One of my favorite things to cook is rack of lamb. It wows the crowd and -shh- between you and me, it's pretty easy.
Buy your rack of lamb "frenched" and with the chine bone cut. Frenched means the meat is trimmed from the bone ends. The chine bone connects the chops and having it cut means the chops are separate, so you can cut them apart after they're cooked. A full-service butcher department will do these things for you and many packaged racks (such as the vacuum-packed racks from New Zealand) will be prepared this way.
American and New Zealand lamb are both good. American lamb is usually bigger.
Ask the butcher to trim excess fat and the silver skin. If you have to do this yourself, it's not too hard. Begin by trimming most of the fat. You will see a strip of meat with more fat underneath. Trim all of this, saving the removed meat for another purpose. You'll see a tough skin under the fat, called the silver skin. Remove as much of that as you can.

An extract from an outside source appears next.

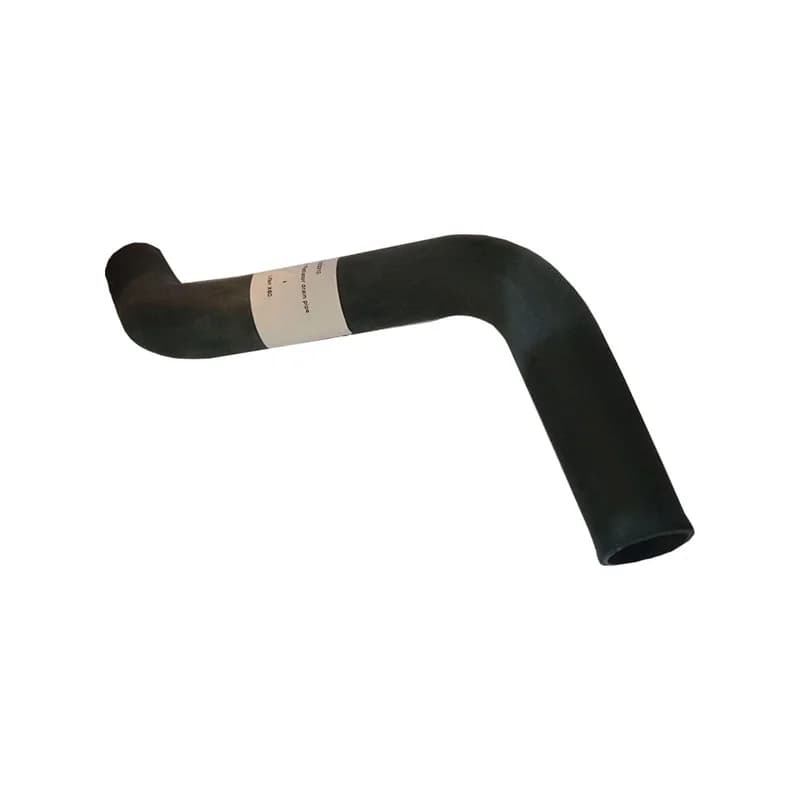 شیلنگ خروجی آب رادیاتور لیفان X60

Set the oven to 425 degrees.
Heat a heavy, ovenproof skillet on the stove. (At 425, this means a metal handled skillet). Add a few tablespoons of oil and sear the rack, starting with the meatiest side (where you trimmed the fat), about 5 minutes a side.
While the rack is browning, chop up some fresh rosemary, or use dried rosemary. 4 tablespoons of fresh or 2 of dried should do. Mix with about 1/4 cup of Dijon-style mustard and 2 tablespoons of brown sugar.
Smear the mustard mixture on both sides of the rack and place the pan in the oven. Cook until a meat thermometer shows an internal temperature of 130 degrees (foe medium-rare). This won't take long since you already cooked the lamb much of the way on the stove.
Remove from the oven and cover loosely with foil to let the meat rest of 10 minutes
If you are making two racks, a nice presentation is to lean the two racks against each other with the rib bones intertwined, and carve at the table. Or, you can cut the chops apart and fan out on a platter.